Your login for your host provider is not the same information as your FTP information. The login allows you to get into a place where you create the FTP username and password!
So this is where it get’s tricky. I don’t know what host provider you decided to purchase. There are like a billion out there. But what you need to do is login and figure out how to create an FTP username and password. Most will do this automatically for you. Check the signup email they send fir this info first.
I would suggest Googling “Setting up FTP accounts at [enter host name here]”.
Most decent host providers have support documents that will walk you through this process.
In the end, you need to find, or create, three items:
- FTP host (which is a URL or IP address)
- FTP username
- FTP password
Once you have these items, we can connect to your site.
Finally the real question “How to use Filezilla to launch your website”.
You have your FTP information now we need to connect. To connect we need to download an FTP client. There are lots of different ones out there, some cost money, and some are free. I prefer the free ones. Specifically, I prefer FileZilla, it is open source and stable. The only downside is that it seems like there is always a freaking update.
So to upload your site, there are four steps: Install, Connect, Upload, Check
How to use Filezilla, Step 1: Install FileZilla
How do you install FileZilla?
- Go to https://filezilla-project.org/
- Click on the button “Download FileZilla Client”
- Download and Install
- Open up FileZilla
How to use Filezilla, Step 2: Connect via FTP
Now that you have Filezilla open you should see a screen like the one below.
There are two ways to connect: “quick connect” or using the site manager.
Connecting through “Quick Connect”
On the top bar, you should see “Host:,” “Username:,” and “Password.” Place in your FTP information. Don’t worry about port. Add in your Host, Username and Password previously provided by your hosting company. Click the big “Quickconnect” button.
If you are lucky, you will see a bunch of magic happen in the box directly below “Quickconnect” and files appear on the right-hand side where it says “Remote Site.”
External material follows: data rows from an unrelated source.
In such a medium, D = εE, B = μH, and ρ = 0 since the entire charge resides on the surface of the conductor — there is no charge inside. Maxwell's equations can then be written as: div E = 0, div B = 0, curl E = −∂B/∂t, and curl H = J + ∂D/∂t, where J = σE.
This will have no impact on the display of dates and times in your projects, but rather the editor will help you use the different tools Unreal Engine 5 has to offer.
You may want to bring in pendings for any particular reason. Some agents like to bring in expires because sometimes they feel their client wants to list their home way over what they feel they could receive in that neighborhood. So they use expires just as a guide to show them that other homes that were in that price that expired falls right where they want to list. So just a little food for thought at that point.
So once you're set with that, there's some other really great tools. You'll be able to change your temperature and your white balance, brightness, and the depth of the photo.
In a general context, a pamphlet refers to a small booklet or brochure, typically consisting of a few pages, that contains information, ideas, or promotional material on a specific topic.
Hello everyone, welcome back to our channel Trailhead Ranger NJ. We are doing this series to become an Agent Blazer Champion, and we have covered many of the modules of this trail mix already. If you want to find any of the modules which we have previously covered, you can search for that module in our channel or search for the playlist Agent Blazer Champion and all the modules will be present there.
Connecting through “Site manager”
The button on the top left allows you to store hundreds of FTP accounts. If you are managing multiple websites, you would want to configure the FTP information using “Site Manager.” Why? “Quick connect” only saves the login credentials for the last 10 FTP accounts you have connected via FileZilla.
Common errors and their meaning
If you see this:
Then you have the wrong password 🙁
If it is stuck on “Connecting to” then you see this:
Your internet is either bad. OR the website is behind a firewall, and the connection is being blocked (this won’t happen with a standard host package). Generally, firewalls issues like this occur with a more advanced host provider.
For a majority of the errors you just need to make sure you entered the information correctly. I would recommend typing in the credentials. NOT copy and paste? Why? Well sometimes when you copy, you accidently grab an empty space before or after an item. FileZilla sees this space and thinks it is a part of the password, username, or host entry. This will cause your site to error.
How to Use FileZilla, Step 3: Upload Your Files
We are almost done! Now we just need to upload your site’s files.
If everything connects, you should see something like the image below. Notice that files loaded under the “remote server” side. You should see “folder” icons. You want to find one that says public_html, or www, or something that sounds website-ish. Double-click on the file to open it.
Now find your web files on your desktop. Drag and Drop the files into the website-ish sounding folder. Once this happens, you should see a “Que” pop-up in the bottom of the screen.
Once everything is loaded there should be nothing left in the “Que”.
Final Step Test!
The final step is simple, just load your website page. If it works yay, if not, sorry?